Pyrex – Touch/Conditioner 7″

So. Und jetzt?
Was machen wir jetzt? Einfach so weiter wie bisher? Oder klammern wir uns vielleicht an den Irrglauben, die Politik könnte das alles noch ungeschehen machen?
Wie naiv kann man sein? Verschließt doch nicht die Augen vor der Realität, Freunde! Es geht doch wie immer nur ums Geld. Sprecht mit: "Ka-Pi-Ta-Lis-Mus". Genau.

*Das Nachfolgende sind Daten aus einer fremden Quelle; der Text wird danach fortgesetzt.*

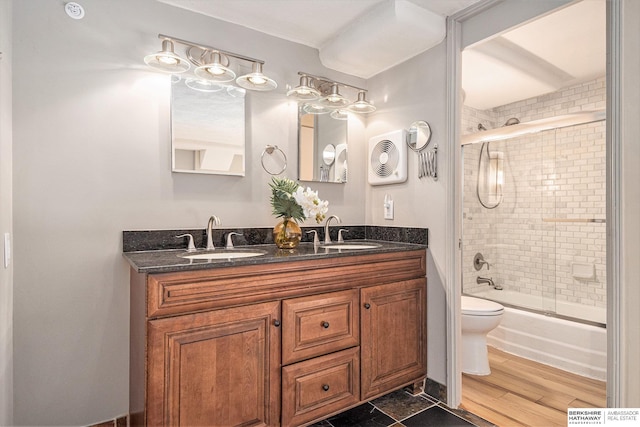 3000 Farnam St Unit 6H, Omaha, NE 68131 - full bathroom with toilet, double vanity, and bath / shower combo with glass door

Und wenn Messi nun bei Paris Fussball spielen will, dann kann da niemand mehr was dran ändern. Akzeptanz ist der erste Schritt zur Heilung. Oder zur Einsicht. Oder zur U-Bahn? Verdammt, wie geht das Sprichwort noch mal?
Ach, egal. Sitze gerade bei 45°C in Italien fest und kann mit einem lauten Pups das Teelicht vor mir zu einem Waldbrand entfachen, aber sonst ist alles gut. Apropos.

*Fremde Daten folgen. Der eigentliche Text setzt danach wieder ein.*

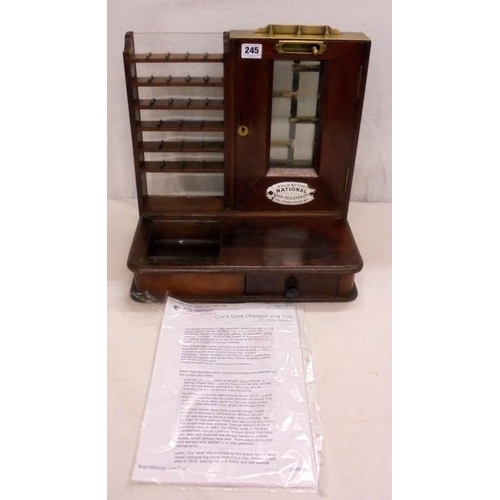 245 - C19th National Cash Register Co. Gold Changer designed by John Cox, 6 shelves with 4 dividers to eac...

Pyrex aus Portland. Die sind aber mal sowas von gut. Hauen demnächst eine Single mit zwei Liedern raus und man kann davon schon mal die Hälfte hören. Die hat es aber in sich. Perfekter Post Punk Noise Rock. Nehm ich drei von.
Erschien digital vor ein paar Tagen und demnächst dann auf Vinyl bei Filth Pot Records in Portland. Cool!

Die Hitze macht einen fertig. Wenn man doch nur was gegen diese Hitze und Dürre und Feuer und Flut unternehmen könnte. Aber was soll man da schon machen..? Wählen gehen? Hahahahahahahahaha

Teaser…schon wieder

Wieder einmal trauen sich verschiedene Bands und/oder Labels nicht, vorab ihre gesamten Früchte der harten Arbeit unters Volk zu bringen. Man möchte lieber ein paar Appetithappen verteilen, um Lust auf Mehr zu generieren. Is ok, mach ich jeden Tag mit dem Abendbrot bei der Familie auch so. Ein Riesenspaß!

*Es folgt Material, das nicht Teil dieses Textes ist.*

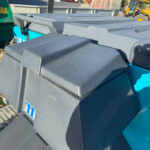 Row of dark gray outdoor waste bins with ridged lids, set near green industrial machinery in a construction yard, with a yellow vehicle in the background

Pigeon – Deny All Knowledge Of Complicity LP

Ein toller Song von den Berliner Post Punkern, deren Namensvettern ich bei GTA IV allesamt abgeballert hab, und das erwähne ich hier nicht ohne Stolz. Die Musik von Pigeon ist immer noch großartige Unterhaltung aus der Allee Der Kosmonauten Ecke mit wunderbaren Bassläufen und super eingängigen Melodien aus Gesang und Gitarre. Bumm. Das zweite Album der Band kommt im Juni beim Berliner Label Adagio auf schicken 12″ Vinyl heraus und enthält wohl zusätzlich noch ein kleines Fanzine. Cool!

Leopardo – Malcantone LP

Mal was Anderes. Leopardo aus Freiburg in der Schweiz machen schon seit ein paar Jahren sehr interessanten Dudelkram in der psychedelischen Rock n' Roll Plüschsofaecke und ich kann das Ensemble ganz wunderbar gemeinsam mit einem Brocken Diazepam genießen. Jetzt kommt im Juni das neue Album unter anderem bei Feel it Records (USA) heraus und zu einem Song mit schöner Akkordfolge kann man schon jetzt beim Autofahren einschlafen. Ich freu mich drauf. Erinnert mich teilweise an Kay Kay & His Weathered Underground. Feine Sache.

Glöm Allt – När Värkden Försvinner

Ich hatte gerade noch ein paar Umlaute zu viel auf meiner Tastatur herumliegen. Glöm Allt aus Kopenhagen haben vor ein paar Tagen zwei Songs von ihrer LP als Teaser veröffentlicht und können mich damit schon einmal hinterm Ofenrohr hervorlocken. Weil ich eine Schwäche für skandinavischen Punk Rock hab. Warum eigentlich? Ich versteh kein Wort und musikalisch ist das auch relativer Standarkram. Aber geiler Scheiß, was soll ich machen. Hört euch an, wie Stina ihre Stimmbänder malträtiert und sagt, dass das nicht fantastisch ist. Echt mal. Keine Ahnung, wann die LP kommt. Aber bald.

Connie Voltaire – Suburbs EP

Zum Schluss noch eine komplette Cover EP, weil es so absurd ist. Connie Voltaire spielt hier einfach mal die gesamte EP der Suburbs aus dem Jahr 1978 nach, weil er es kann und weil es toll ist. OK. Erschien heute bei Another Label und zeigt mal wieder eindrucksvoll, dass es früher überhaupt kein Problem war, 9 Songs mit über 15 Minuten Spielzeit auf eine fucking 7″ zu pressen und kein Vinyl zu verschwenden. Ha!